=== Section Start ===
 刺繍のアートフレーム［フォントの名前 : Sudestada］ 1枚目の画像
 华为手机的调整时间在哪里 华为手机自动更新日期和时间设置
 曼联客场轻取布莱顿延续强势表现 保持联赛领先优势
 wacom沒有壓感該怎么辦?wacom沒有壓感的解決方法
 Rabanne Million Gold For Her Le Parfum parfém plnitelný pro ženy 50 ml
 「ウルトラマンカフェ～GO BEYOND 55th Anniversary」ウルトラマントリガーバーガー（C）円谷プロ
=== Section End ===
=== Section Start ===
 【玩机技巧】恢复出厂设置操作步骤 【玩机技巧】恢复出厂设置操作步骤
=== Section End ===
Task details: The required answer is the run of lines above, starting at the line with "wacom沒有壓感該怎么辦?wacom沒有壓感的解決方法" and ending at the line with "BEYOND 55th Anniversary」ウルトラマントリガーバーガー（C）円谷プロ", reproduced exactly with both ends.

The answer:
 wacom沒有壓感該怎么辦?wacom沒有壓感的解決方法
 Rabanne Million Gold For Her Le Parfum parfém plnitelný pro ženy 50 ml
 「ウルトラマンカフェ～GO BEYOND 55th Anniversary」ウルトラマントリガーバーガー（C）円谷プロ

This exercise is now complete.